■ INFORMATION PROVIDED:
+--

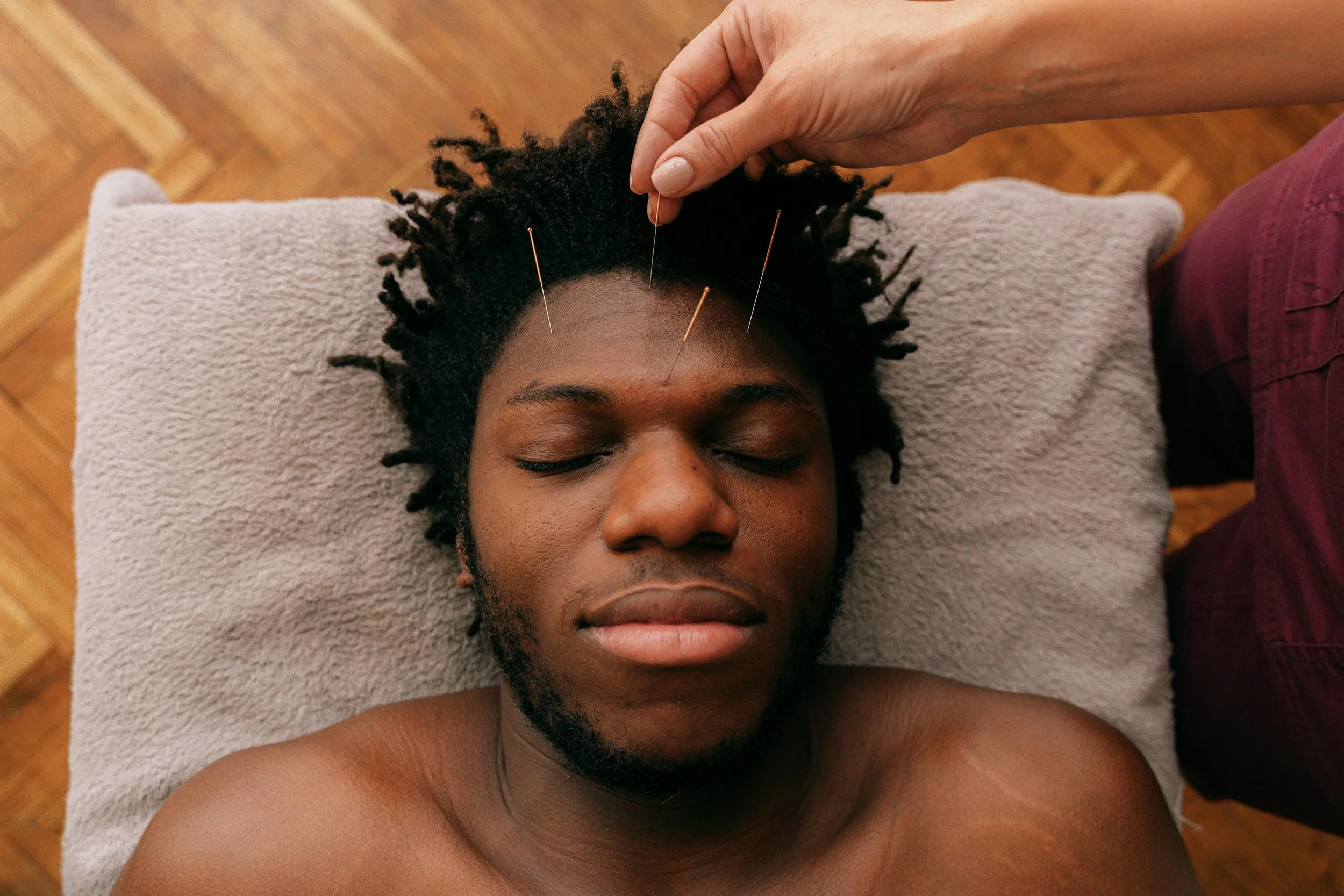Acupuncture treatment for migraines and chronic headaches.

+--

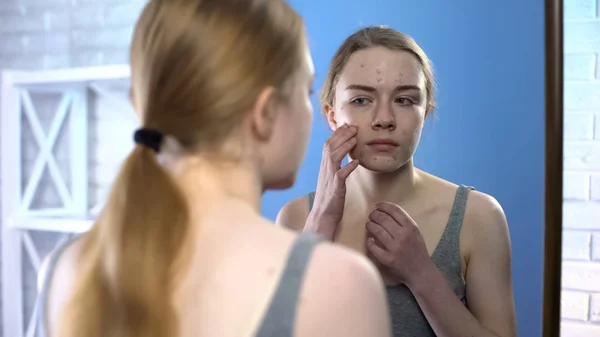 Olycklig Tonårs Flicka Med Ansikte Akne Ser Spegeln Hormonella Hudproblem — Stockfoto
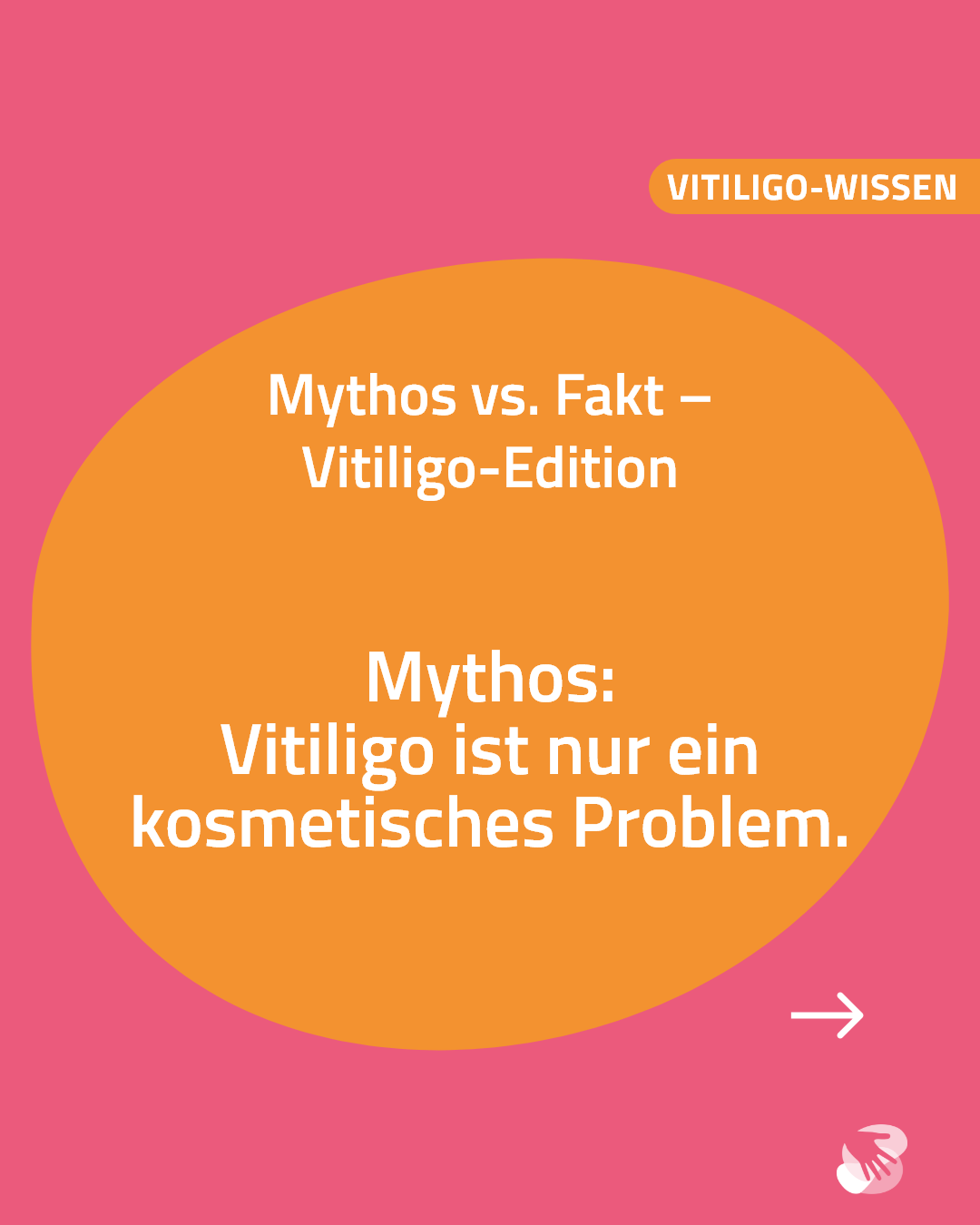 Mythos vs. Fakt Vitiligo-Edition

+--

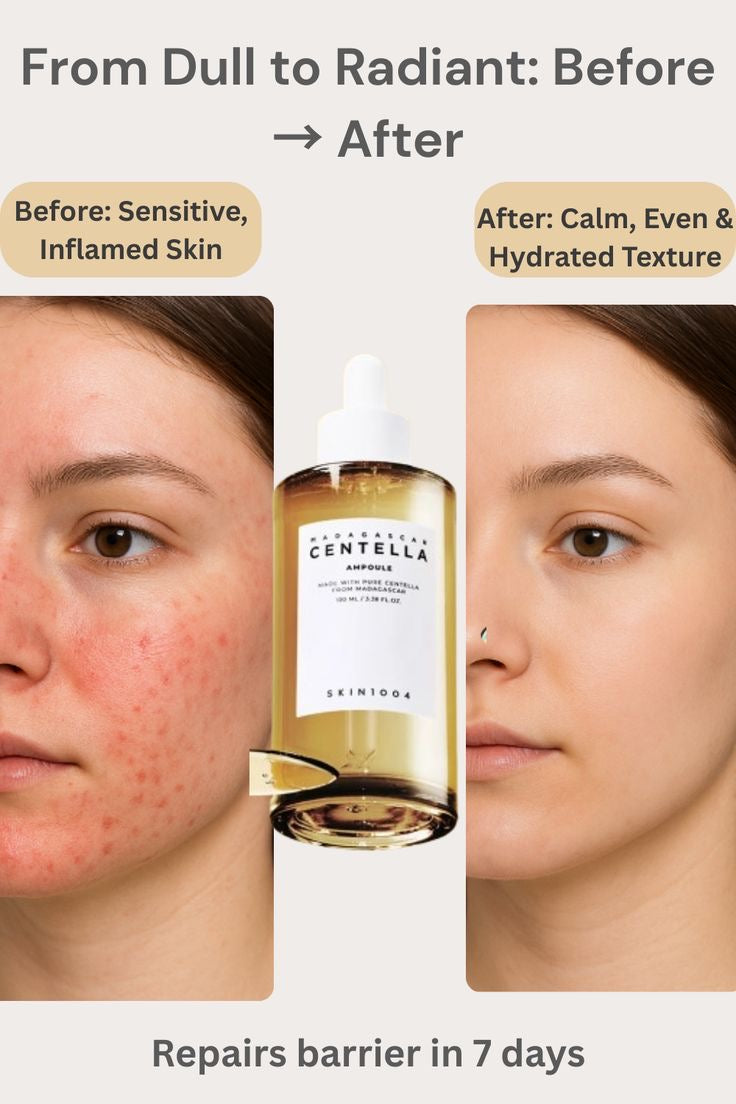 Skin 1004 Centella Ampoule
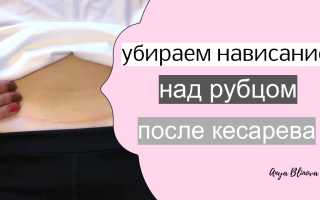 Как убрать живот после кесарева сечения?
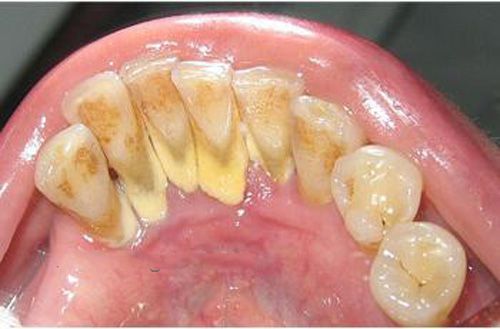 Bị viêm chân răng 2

+--

■ ACTIVITY: Using the data above, retype exactly and only the lines from the one containing "Как убрать живот после кесарева сечения?" up to and including the one containing "Bị viêm chân răng 2", with no pictures carried over.

■ EXPECTED OUTPUT:
 Как убрать живот после кесарева сечения?
 Bị viêm chân răng 2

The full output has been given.